Autre proposition pour cultiver un esprit sérendipien sur le Plateau de Saclay : impulser des rencontres et autres séminaires mobilisant les communautés de recherche dans leur diversité. Ce qui suppose des lieux mutualisés.
Tout cela ne fonctionnera que si on s’inscrit dans la durée, car la capacité à dialoguer ne se décrète pas, elle suppose un effort d’acculturation et de compréhension des notions utilisées par différents chercheurs. Souvent, un même concept revêt des significations variables d’une science à l’autre. Il faut donc prendre le temps de la discussion pour démêler les malentendus possibles. Discussions auxquelles il faudrait convier le public, car il peut, par ses interrogations profanes, favoriser cette convergence entre les scientifiques eux-mêmes.
Je constate que l’on fait très peu de grandes découvertes depuis quelque temps. On innove, certes, mais où sont les grandes découvertes qui permettent de mieux comprendre le monde, et de mieux se comprendre ? Cette question justifierait à elle seule qu’on s’interroge sur les conditions actuelles de la recherche…

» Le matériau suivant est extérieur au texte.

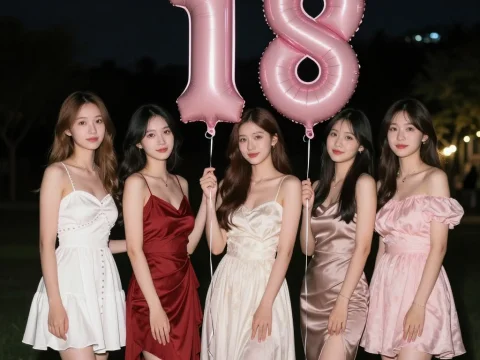 Elegant Group Celebration with Pink 18 Balloons at Night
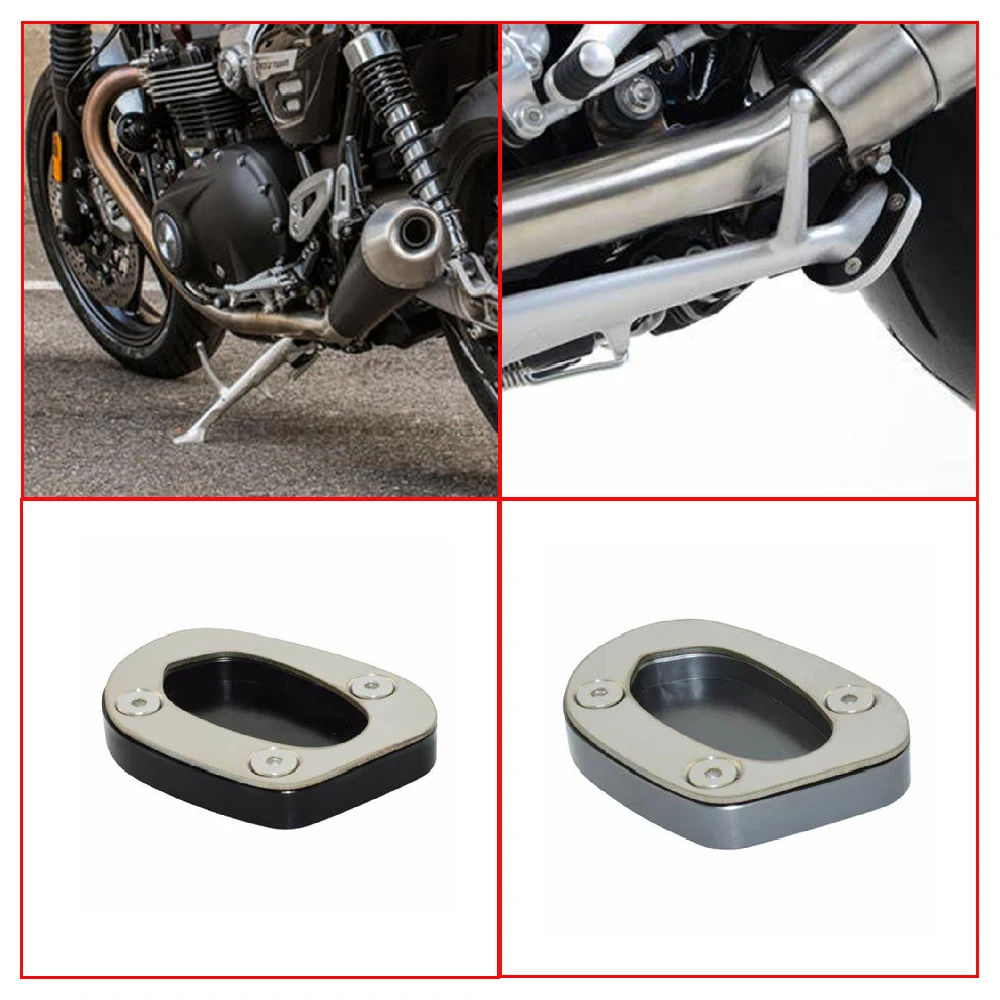 Fits for Triumph Thruxton R RS 1200 Speed Twin ABS 2019-2024 Motorcycle Side Stand Base Extension Pad Enlarge Plate Widener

– Et quid des conditions architecturales ? Cela aurait-il un sens d’envisager une architecture propice à la sérendipité ?
Oui, bien sûr. Il faut imaginer des lieux propices aux rencontres, qui évitent les cloisonnements disciplinaires, avec d’un côté la bibliothèque des sciences, de l’autre, celle des sciences sociales et humaines.